Interviews at hi-tech companies often include puzzles. Here is one that has made the rounds in spite of its violent content.

You are an antique dealer and I am an unsavory character who has lent you money. Instead of the usual baseball bat, I have brought a revolver to emphasize the importance of repaying me. I put two bullets in adjacent chambers of the six-shot revolver and spin the chambers. I point it at a valuable vase and pull the trigger.

Click.

No bullet has fired. The chamber has advanced by one. I am prepared to try again.

Warm-Up:
Is it better for the vase if I spin again or not before pulling the trigger a second time?

Solution to Warm-Up:
It's better to keep the chamber where it is, i.e., not to spin. Let E represent an empty chamber and B represent a chamber with a bullet.

Putting the chamber first used at the beginning on the left, the gun could have been in any of the following configurations with equal probability:

BBEEEE
EBBEEE
EEBBEE
EEEBBE
EEEEBB
BEEEEB

Because the vase wasn't broken, the equi-probable configurations remaining are:

EBBEEE
EEBBEE
EEEBBE
EEEEBB

If I don't spin, then the vase is broken in only 1 in 4 cases on the second trigger pull.
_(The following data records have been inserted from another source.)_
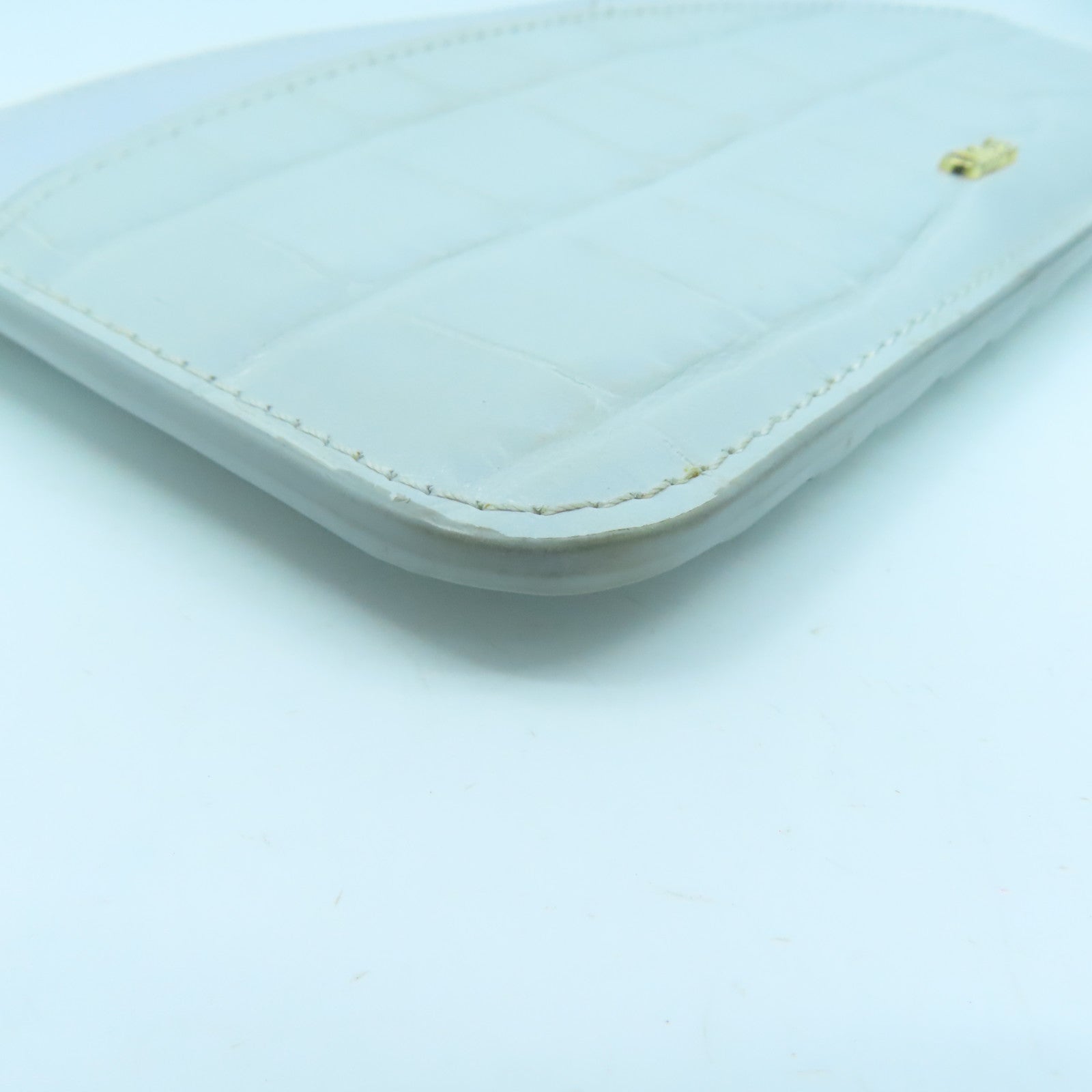 Chloe Leather Card Case Gold Buckle Gray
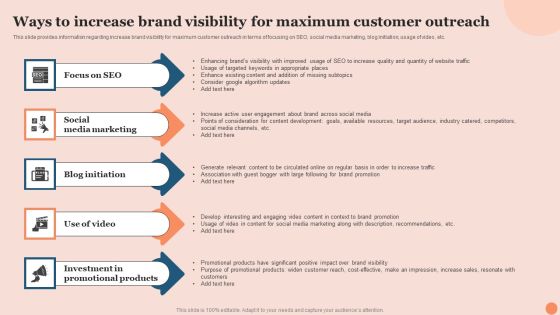 Techniques To Elevate Brand Visibility Ways To Increase Brand Visibility For Maximum Customer Outreach Designs PDF Techniques To Elevate Brand Visibility Ways To Increase Brand Visibility For Maximum Customer Outreach Designs PDF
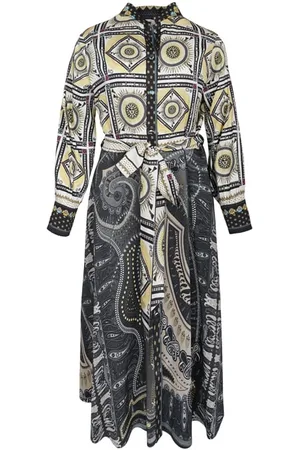 MUCHO GUSTO Dress Louvain Long Black Ecru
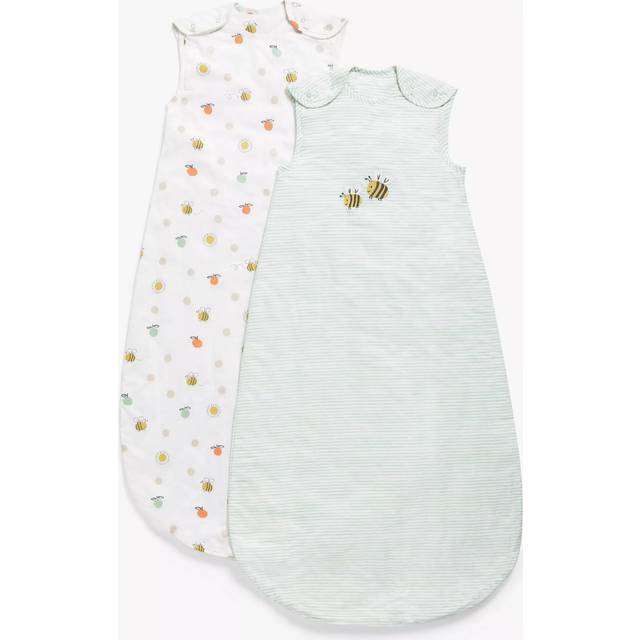 John Lewis Oh My Darling Bee & Stripe Print Sleeping Bag, 1 Tog, Pack of 2, Multi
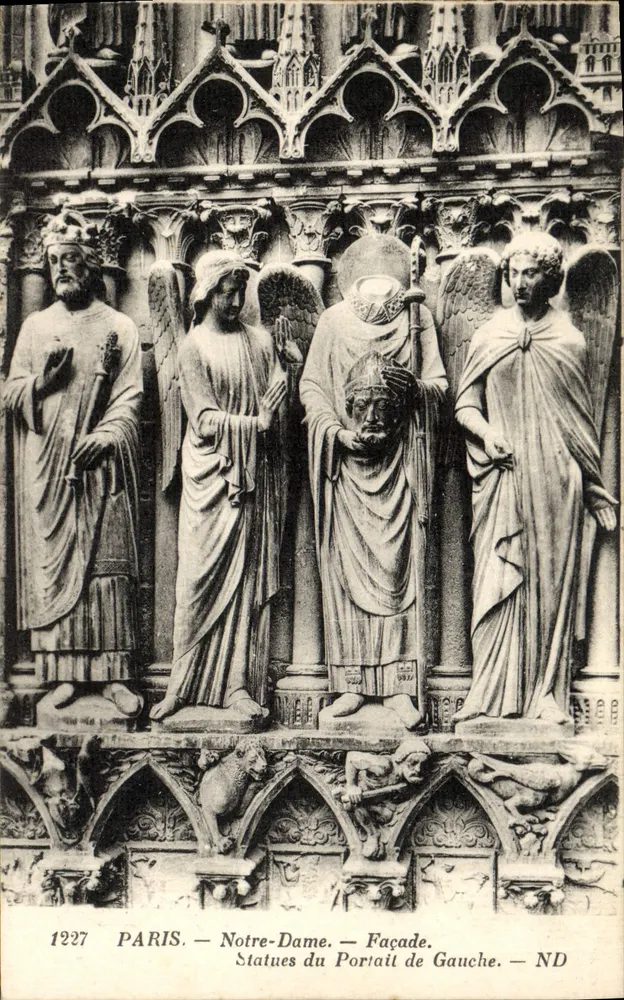 Paris — Notre-Dame — Linke Fassade — Statuen des Portals — ND 1227 - Vorderseite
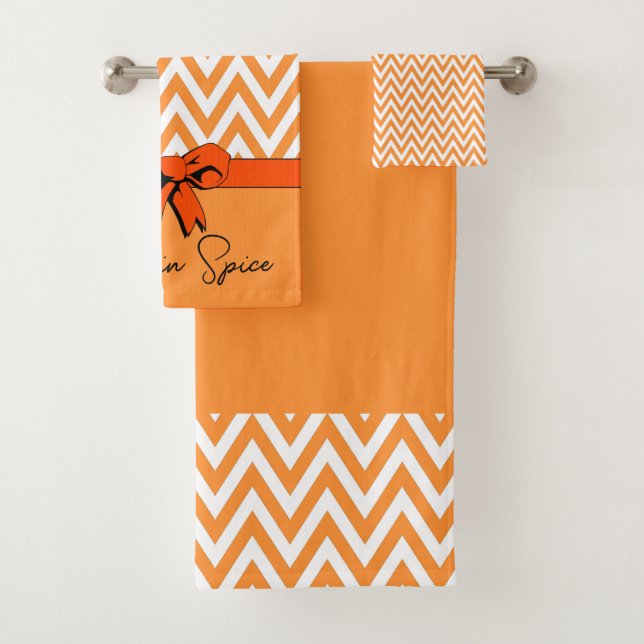 Orange & White Pumpkin Spice Faux Bow Personalized Bath Towel Set (Insitu)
If I spin, the vase will be shot with a 1 out of 3 chance. So, you don't want me to spin.

End of Warm-Up

Now suppose I am going to pull the trigger two more times, for a total of four. If the vase survives the second trigger pull, then the revolver must have started in one of these configurations:

EEBBEE
EEEBBE
EEEEBB

1.Do you ask for a spin of the chamber before the third trigger pull? How about before the fourth trigger pull? Using your best strategy, what are your chances that the vase survives given that it has survived the first trigger pull?

2.How would your strategy change if there had just been one bullet in the chamber from the beginning?